Between 1996 and 2000, the Government had privacy on and off the agenda several times. Eventually they introduced a dreadful Bill - not merely the world's worst privacy legislation but a downright anti-privacy statute. For detailed critique and submissions, see Submission to the Commonwealth Attorney-General (January 2000), 'Privacy Bill needs much more work' (February 2000), Submission to the House of Reps. Inquiry (May 2000), and Submission to the Senate Inquiry (September 2000).

The Labor Opposition (never a friend of privacy) let it through with minimal changes.

For the gory history, see the accompanying history document, and 'Beyond the Alligators of 21/12/2001, There's a Public Policy Swamp' (October 2001).

The resulting statute is at Privacy Amendment (Private Sector) Act 2000. It became [in]effective on 21 December 2001.

The consolidated 243 pp. of verbiage is at Privacy Act 1988 - complete but unofficial. That consolidation includes the amendments of December 2000, but is not official. Eventually, the official consolidated version is likely to appear at Privacy Act 1988 - official (but currently inadequate).

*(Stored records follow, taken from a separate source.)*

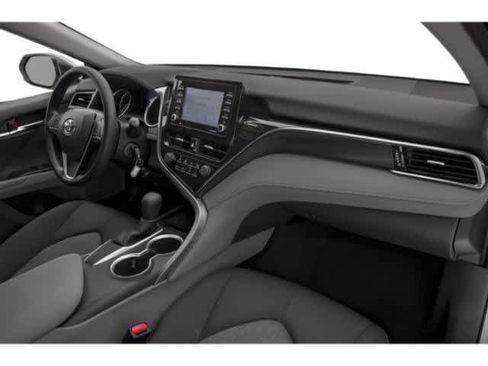 Used 2021 Toyota Camry LE AWD/4WD image 18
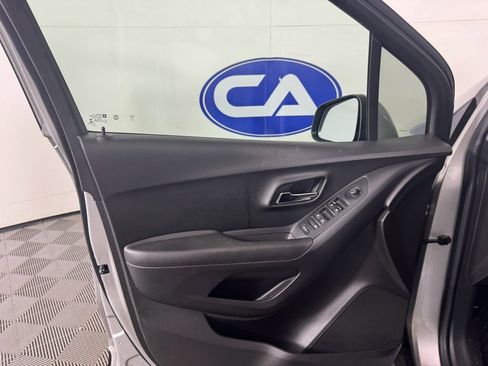 Used 2018 Chevrolet Trax LS image 13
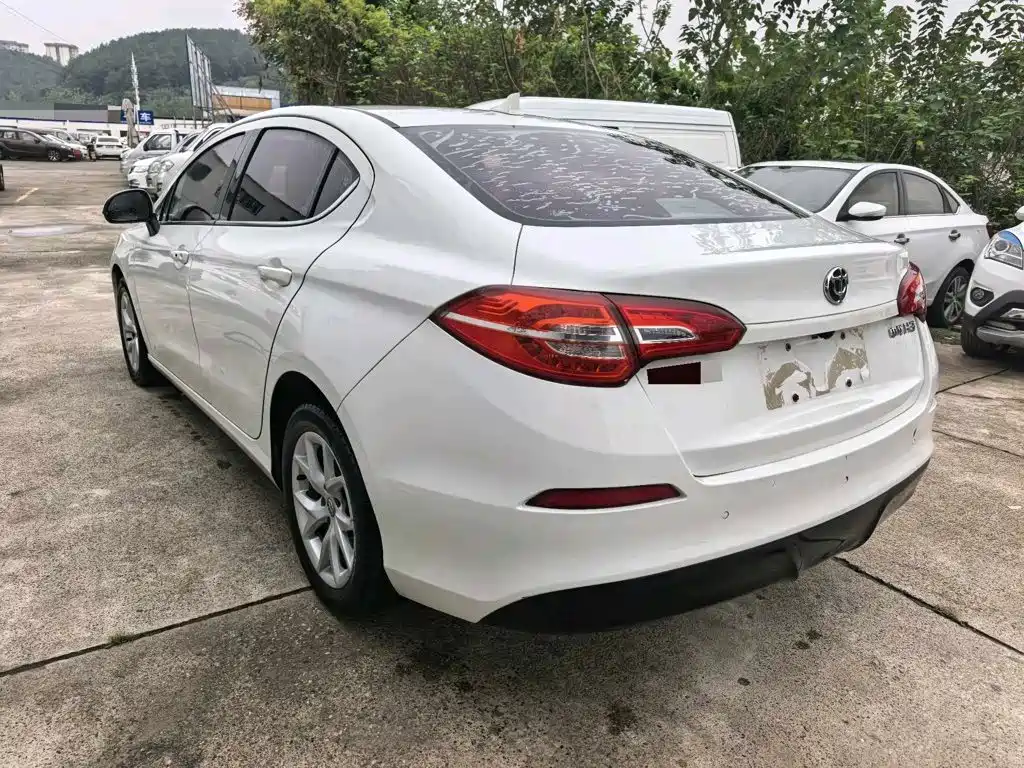 Zhonghua H3 — миниатюра 3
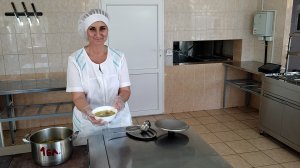 Как приготовить "Суп с рыбой" и Картофель тушеный" в школьной столовой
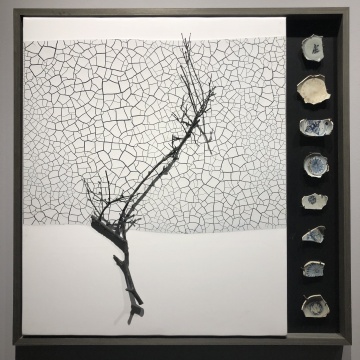 《冬》124×124cm 木板大漆、青铜、明清瓷片 2018
《冬》124×124cm 木板大漆、青铜、明清瓷片 2018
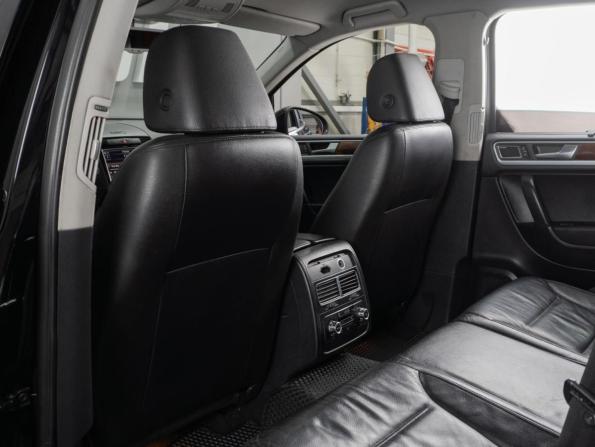Volkswagen Touareg II с пробегом 2010 года, цена 1 549 000 рублей, 251040 км, внедорожник, Автокод Объявления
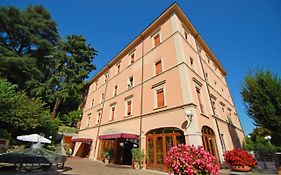 Alla Rocca Hotel Conference&Restaurant Bazzano Exterior photo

This segment picks up where the rendition of recent history left off.

The Privacy and Personal Information Protection Bill 1998 was introduced in October 1998, briefly debated and negotiated in the upper house, the Legislative Council (where the Attorney-General has his seat), and then in the lower house, the Legislative Assembly, with agreed amendments being passed by the Legislative Council. The Bill was assented to on 1 December 1998, and regulates (some of) the N.S.W. public sector with effect from December 1999. (Its passage occurred in the shadows of Parliament rising for Christmas, with the place in uproar over the Treasurer being banned indefinitely by the - non-Government controlled - upper house, and with an election due in early 1999). Here is the statute.

The original document was quite possibly the worst Government Bill ever submitted to any Parliament anywhere in the world. Even after some improvements were made, the Act is seriously deficient, in a number of different respects. Graham Greenleaf has provided a detailed review.

In addition, the Workplace Video Surveillance Act 1998 was passed, apparently as long ago as July 1998. (In N.S.W., it can be hard work getting information about matters like this ...). This appears at first blush to be a more reasonably balanced statute than long-time observers are used to seeing emanate from N.S.W. Governments.


This segment picks up where the rendition of recent history left off.

The Government had stated that it intended tabling its Data Protection Bill before the end of 1998. As a result of the federal election, sittings of the Victorian Parliament were curtailed, and the tabling of the Bill deferred.

On 4 December 1998, exposure drafts of Victoria's proposed data protection and electronic commerce legislation were made available at Multimedia Victoria (under publications), and at Minister Stockdale's site (under 'What's New') and at the government's site (also under 'What's New'). The closing date for submissions was mid-February 1999. A revised version was subsequently published, and the Bill tabled in May 1999 (see the Department of Permier and Cabinet site, under Bills.

It appears to be a fairly sensible implementation of the co-regulatory approach, although there remain a couple of areas of concern. Graham Greenleaf has provided a detailed review.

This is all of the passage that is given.